It’s been such a joy to see Asian-American actors, writers and directors both step out into the spotlight and back behind the camera, and to be able to watch movies that — while running over the same well-worn paths of their respective genre — feel new, exciting, and relatable because of the Asian-American faces that occupy their lead roles.
So when I heard that Ali Wong, whose two stand-up specials on Netflix rank among my favorites, was going to make a rom com with Randall Park, who is one of my favorite parts of Fresh of the Boat, and that it was going to be the Asian-American When Harry Met Sally, my all-time favorite rom com, I already knew I was going to like it. In fact, I fully expected to cherish it, love it and want to watch it over and over again.
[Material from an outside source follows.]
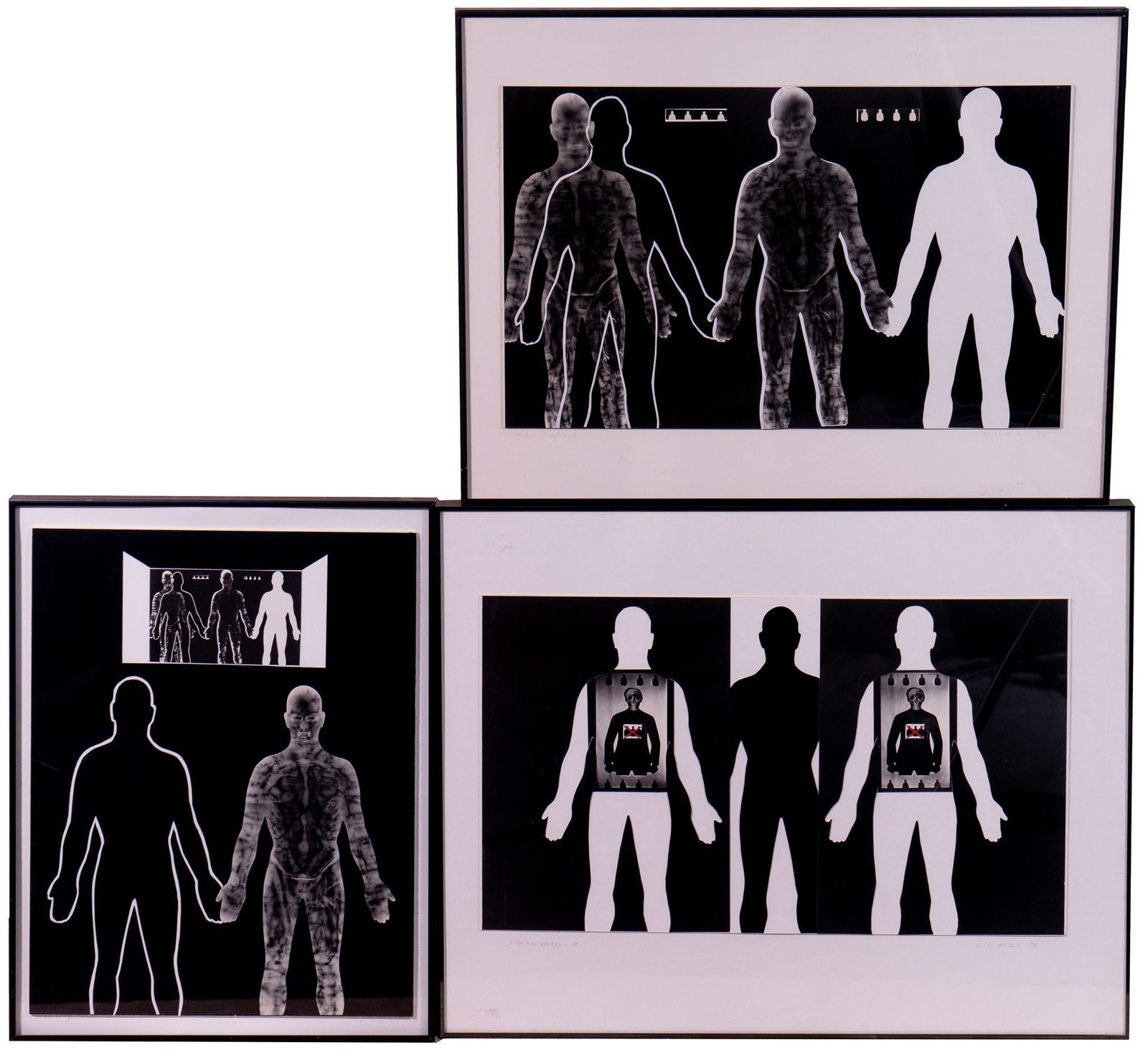 Vivian Yatteau (1922-2015, NY/San Antonio, TX), Lot of Prints (3) (1 of 12)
And Always Be My Maybe absolutely fulfilled those expectations.
But one thing I wasn’t prepared for was how much it was going to make me cry when it came to the Asian parents and their depiction throughout the movie.
Though having fulfilling, fully realized Asian-American lead roles are few and far between, the paucity of nuanced Asian parents to those roles is even worse.
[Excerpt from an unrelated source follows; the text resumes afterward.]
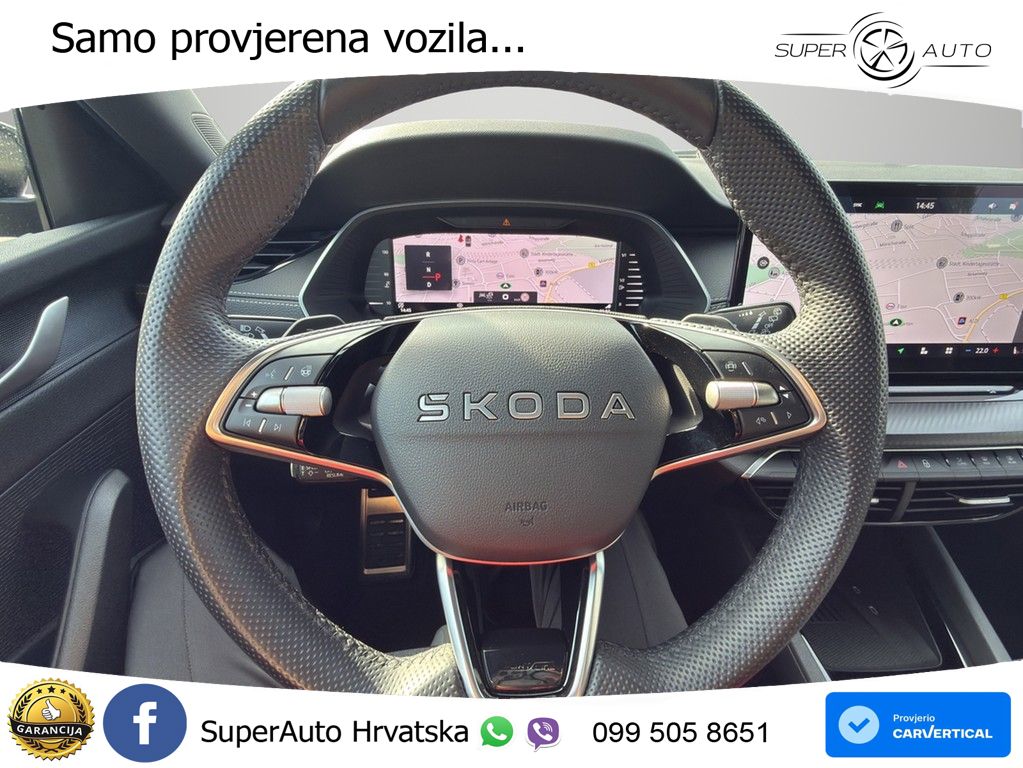 Škoda Octavia Combi 2.0 TDI (150 KS) DSG SportLine LED+GR SJED+ACC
Asian parents — if they’re ever a part of their onscreen children’s lives at all — have often been depicted as either distant and cold, or demanding and unyielding (or some combination of those traits). They have no internal life, no or very little nuance in their performance — they are characters rather than fully realized individuals.
They often play a directly antagonistic role in their children’s lives, with the tension between the values of their home country and their children’s more American values causing them to come into direct conflict and supplying near-constant tension.
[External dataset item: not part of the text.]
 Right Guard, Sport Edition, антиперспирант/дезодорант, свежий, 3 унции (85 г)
And of course, that tension is the experience of many Asian immigrant parents and their Asian-American children, no matter how well they might get along overall. My mother is one of my favorite people, but I also remember numerous times in my childhood when she would start off one of her lectures or scoldings with, “In the Philippines…” To which I would ultimately reply (in various snarky tones, especially as I got older) with, “This isn’t the Philippines!”
There are absolutely Asian-Americans who have parents with whom they don’t have good relationships, or whose parents pushed them to the near point of breaking, or remained detached and distant from childhood and through adulthood. I’m not here to argue that those Asian parents don’t exist, or that those experiences aren’t valid and don’t need to be told — they absolutely do.
However, what does worry me is having only those stories told. Applying a single story of parenthood to over a billion people, countless ethnicities and a myriad of countries, is damaging representation and paints Asians and Asian-Americans as some kind of monolith, which couldn’t be further from the truth.
Which is why it was such a relief and emotional experience for me to watch James Saito’s Harry Kim — and, to a lesser but still emotionally impactful sense, Mr. and Mrs. Tran — and the way in which they interacted with their children.
The cold and uninvolved Asian parenting — especially from Asian fathers — we often hear about, read about and see depicted is absolutely a real and relatable experience, but not anything I ever could personally relate to myself. While I’d never go so far as to call my Tatay (dad in Tagalog) indulgent, he was a lenient and easygoing parent who always supported me and whatever weird interests I might have.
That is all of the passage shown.